Write out the data exactly as given, dropping every picture.

- RECORDS FOR THE TASK -
—————

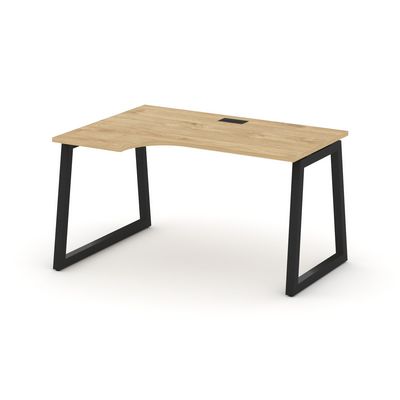 Style Project Fusion SN-5T1.SPA-002(L) (Тиквуд светлый/Черный) Стол рабочий эргономичный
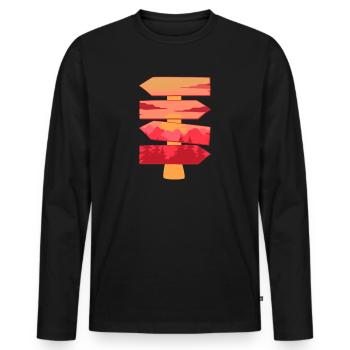 Destination randonnée Schild Scenery - T-shirt manches longues Premium bio Homme - noir - Devant - Nico (187cm)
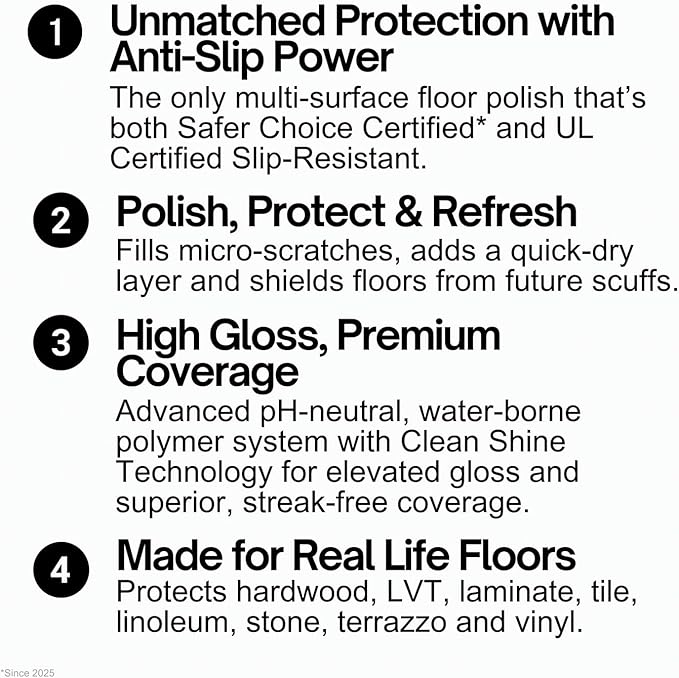 Quick Shine Multi-Surface Floor Finish-Polish 64oz-4pk | Safer Choice, No PFAS, pH Neutral Clean Shine Technology | Squirt & Spread | For Wood, Laminate, LVP, LVT, Tile & Stone | Made in USA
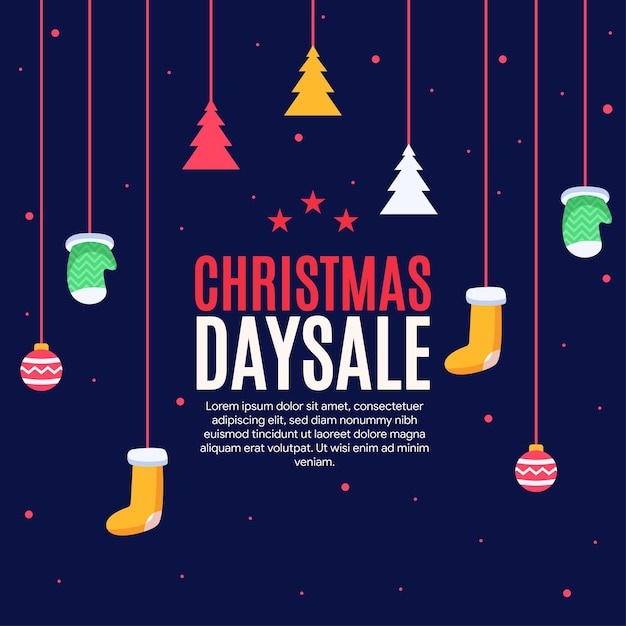 flat christmas sale social media template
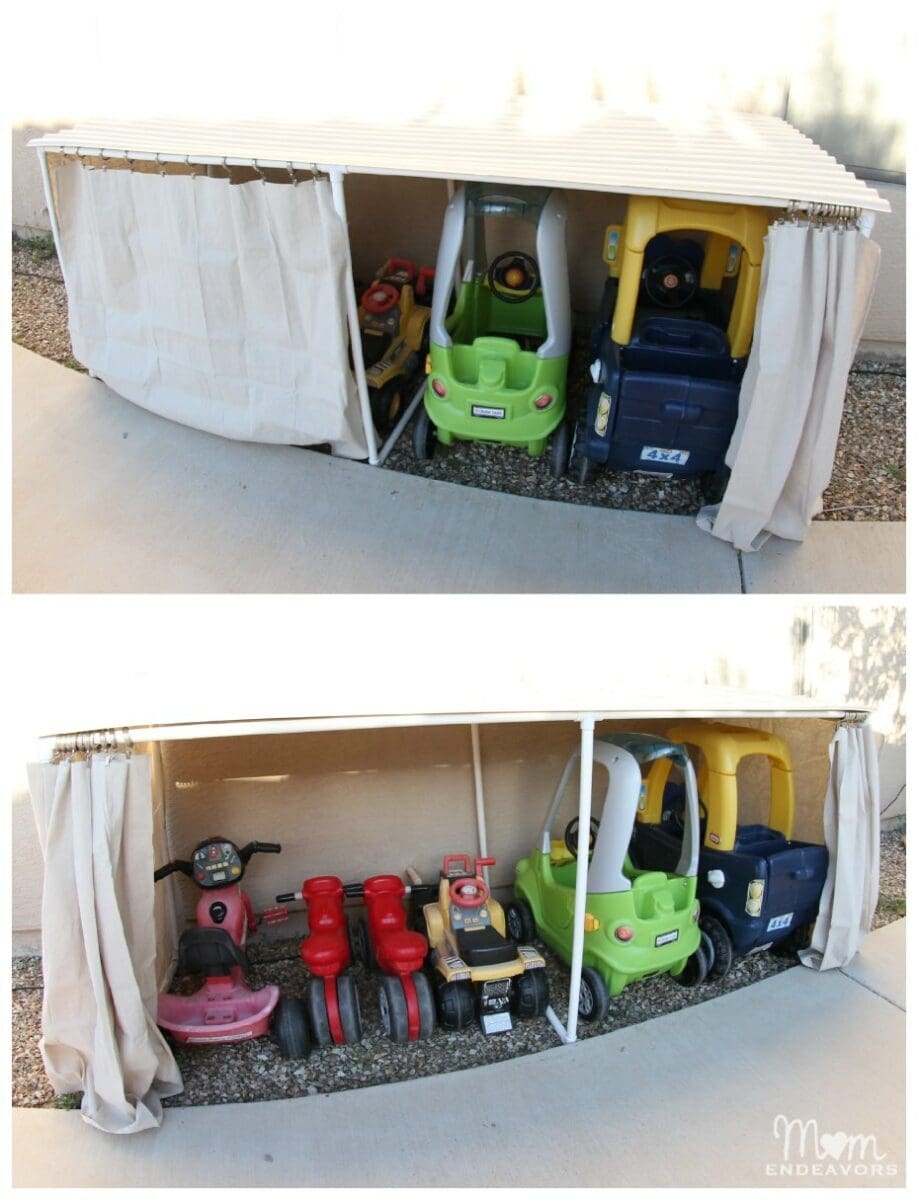 Outdoor Toy Garage with Sliding Curtains and Pipe Frame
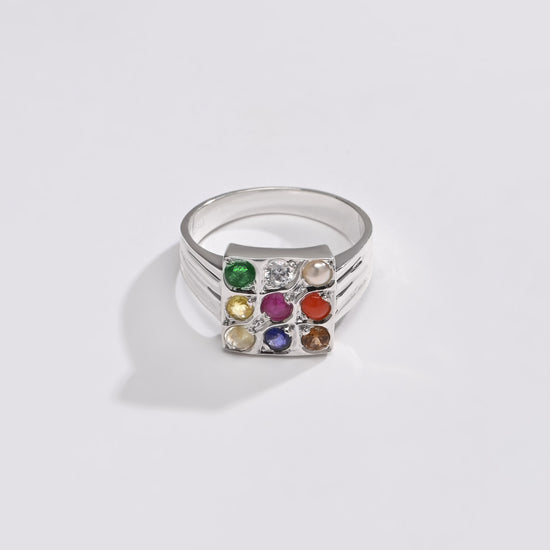 Essential Navratna (Navgrah) Ring – 925 Silver - 1228 - Myra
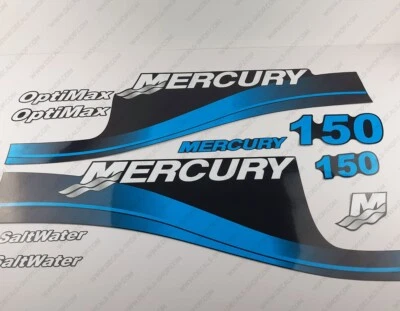Mercury 150hp Optimax SaltWater outboard engine decals BLUE sticker set Foto 1 de 4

—————

- SOLUTION TO THIS EXERCISE -
 Style Project Fusion SN-5T1.SPA-002(L) (Тиквуд светлый/Черный) Стол рабочий эргономичный
 Destination randonnée Schild Scenery - T-shirt manches longues Premium bio Homme - noir - Devant - Nico (187cm)
 Quick Shine Multi-Surface Floor Finish-Polish 64oz-4pk | Safer Choice, No PFAS, pH Neutral Clean Shine Technology | Squirt & Spread | For Wood, Laminate, LVP, LVT, Tile & Stone | Made in USA
 flat christmas sale social media template
 Outdoor Toy Garage with Sliding Curtains and Pipe Frame
 Essential Navratna (Navgrah) Ring – 925 Silver - 1228 - Myra
Mercury 150hp Optimax SaltWater outboard engine decals BLUE sticker set Foto 1 de 4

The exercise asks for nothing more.